Nuclear medicine is a safe and painless imaging technology, which uses very small amounts of specially formulated radioactive materials (or tracers) to help diagnose and treat a variety of diseases. Nuclear medicine provides physicians information about medical problems based on how parts of the body function as differing from x-ray, which demonstrates a body's appearance (or structure).

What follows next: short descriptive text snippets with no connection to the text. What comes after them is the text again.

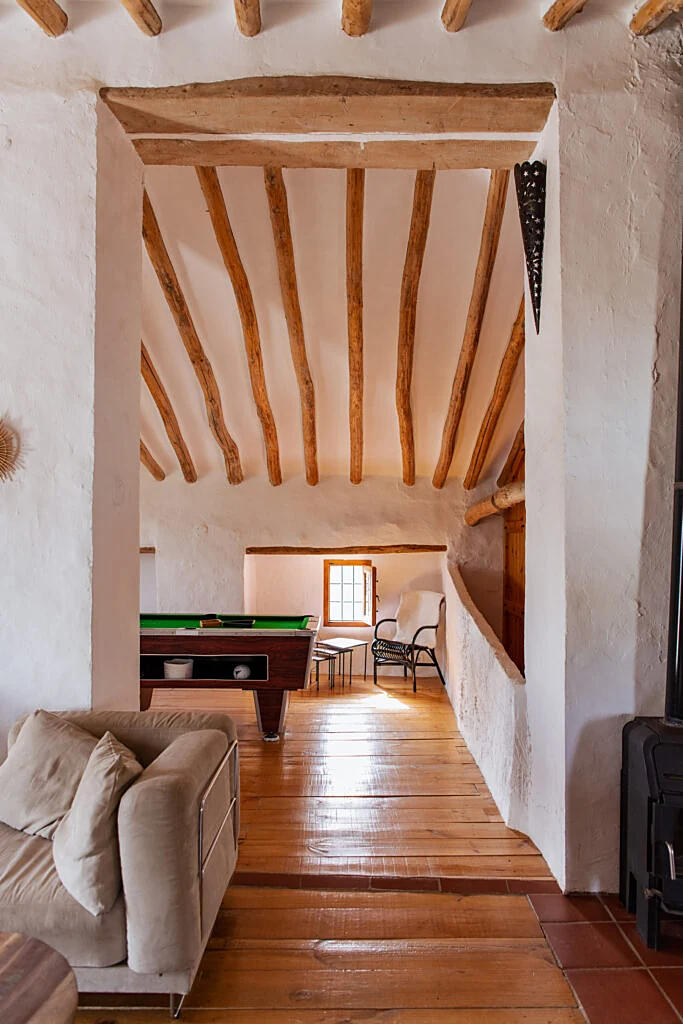 Beamed upstairs landing with a pool table and warm wooden floor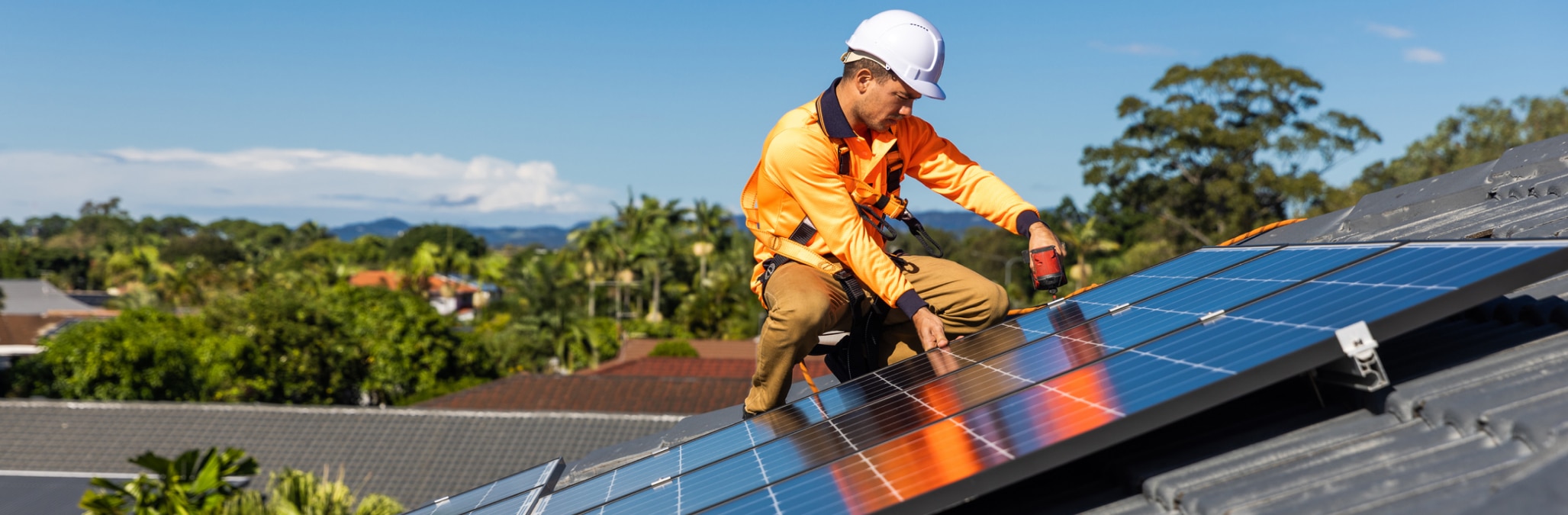 Solar installer in high visibility workwear and hard hat kneeling on a roof and fitting solar panels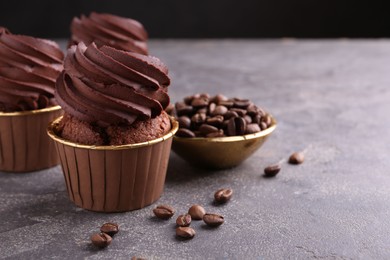 Delicious chocolate cupcakes and coffee beans on grey textured table, closeup. Space for text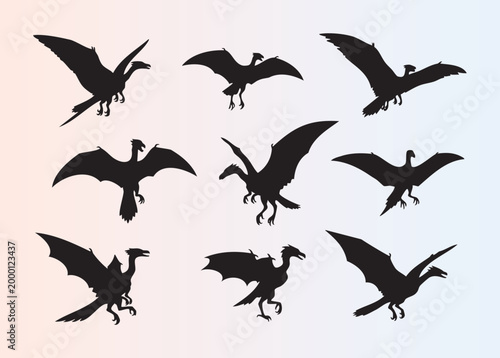 Collection of nine stylized dragon silhouettes in various flying and standing poses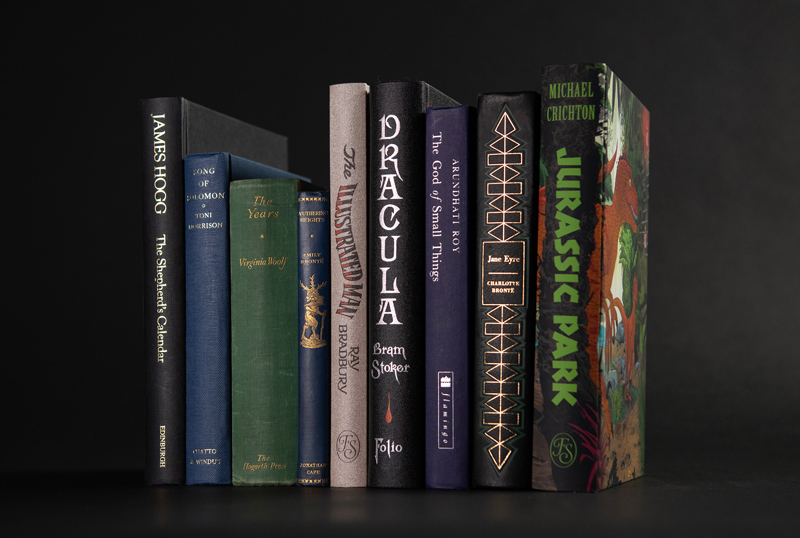 Several books lined up which have rain themes such as 'Dracula' and 'Jurassic Park'.
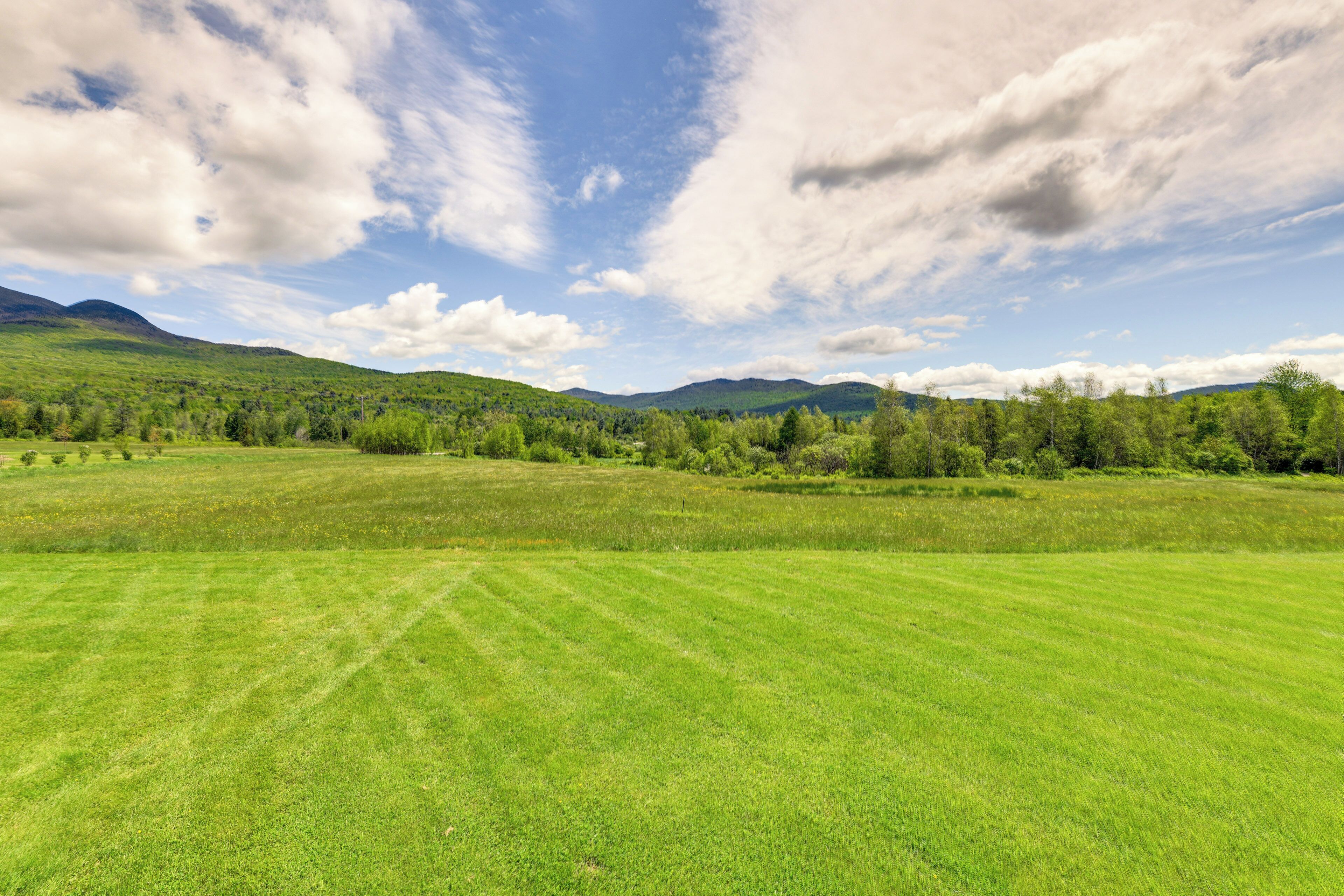 A wide, open field with a distant mountain range under a partly cloudy sky.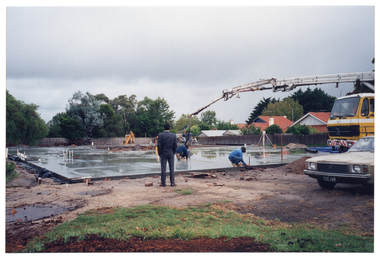 COL photo of the crane of a truck hovering over one section of a large concrete slab on a construction site. A man in a suit observes while construction workers attend to various sections of the slab. In front of the truck, there is a brown car with the registration number plate ICE-169.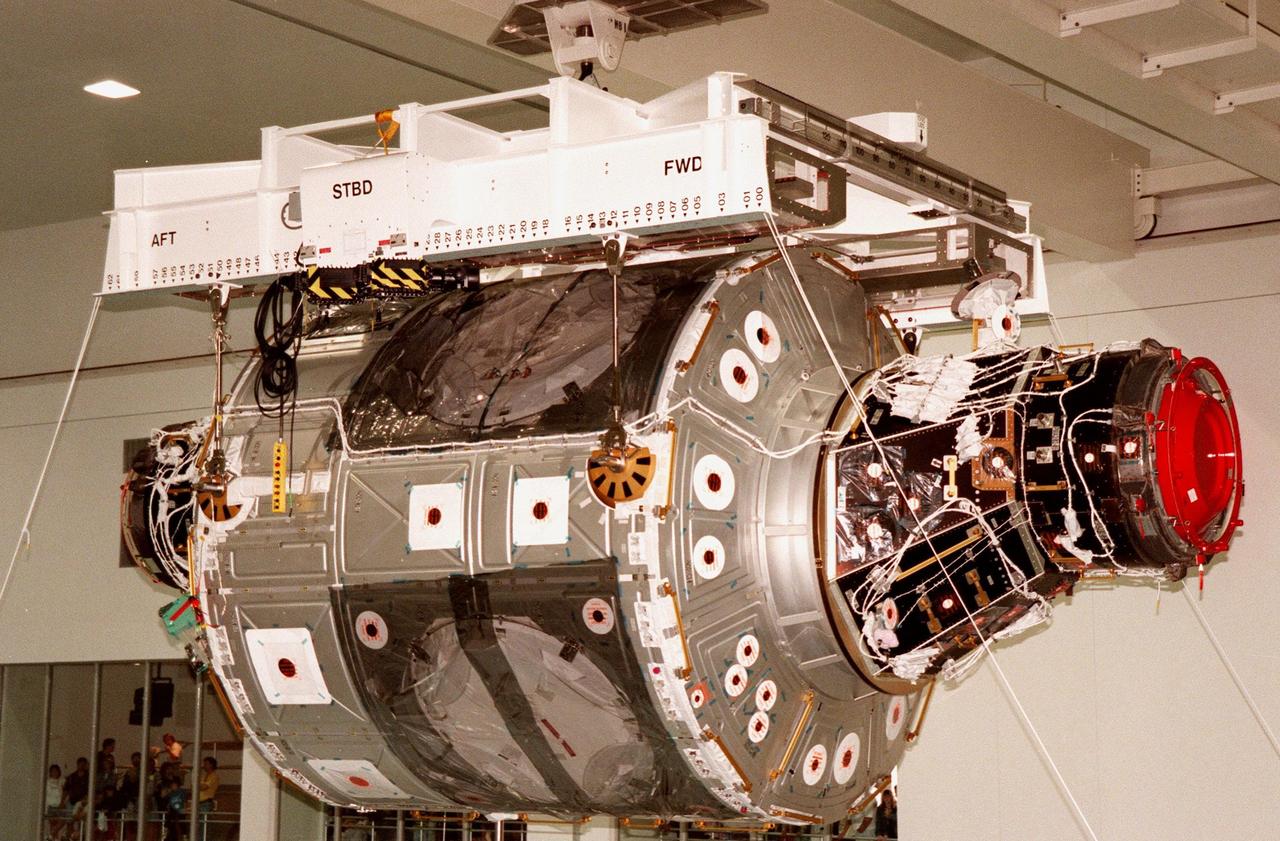 In the Space Station Processing Facility, a closeup view shows the overhead crane holding the Unity connecting module as it moves it to the payload canister for transfer to the launch pad. Part of the International Space Station (ISS), Unity is scheduled for launch aboard Space Shuttle Endeavour on Mission STS-88 in December. The Unity is a connecting passageway to the living and working areas of ISS. While on orbit, the flight crew will deploy Unity from the payload bay and attach Unity to the Russian-built Zarya control module which will be in orbit at that time
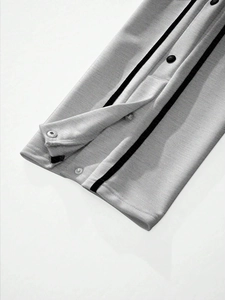 Detailed macro view of light grey knit joggers featuring side stripes and snap buttons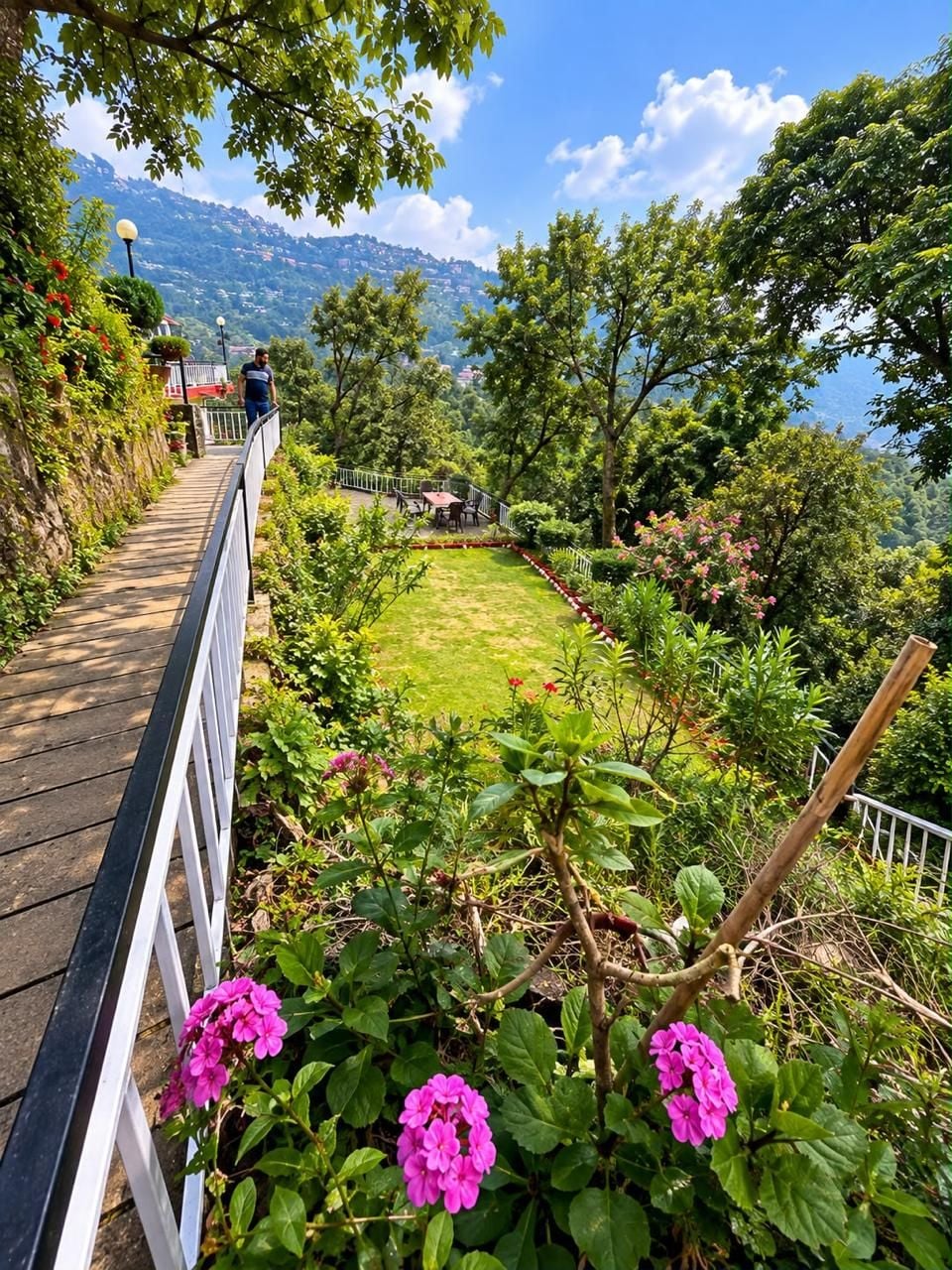 Un sendero con barandilla, rodeado de follaje y flores, que conduce a una zona de descanso con vistas a un paisaje montañoso.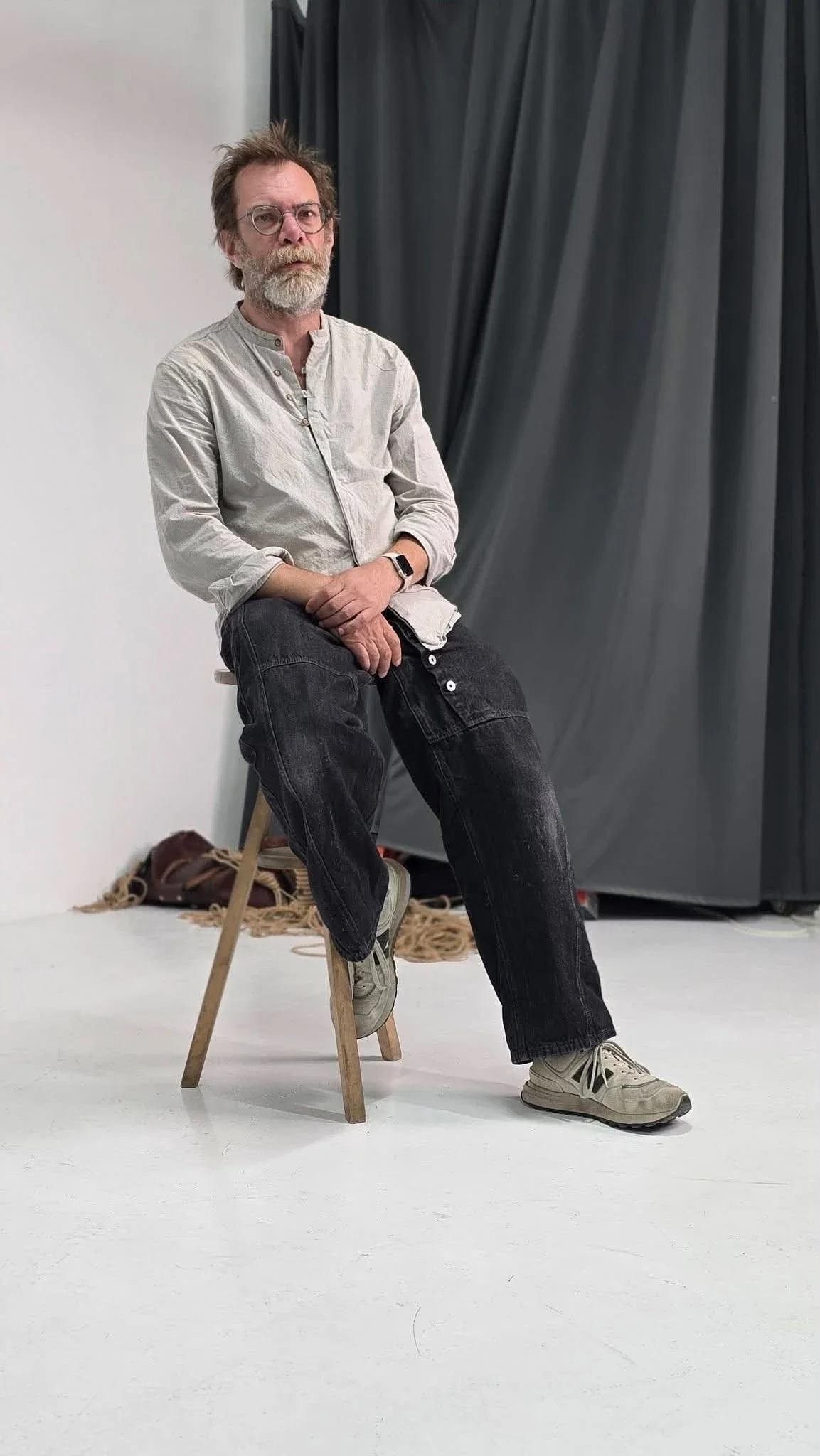 Roman, Ded Mazai, seated in a studio with shibari rope on the floor at one of his recent lectures.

All nuclear medicine exams involve IV injection, inhalation and/or swallowing of specially formulated compounds (tracers) with imaging at timed intervals. Tracers are attracted to specific organs, bones or tissues in the body, which then are detectable by special types of cameras. Reactions to these tracers are rare. The total amount of radiation a patient receives from a nuclear medicine examination is comparable to that received during a diagnostic x-ray.
Some examinations require special positioning, and most exams take one to two hours to complete though some will take longer.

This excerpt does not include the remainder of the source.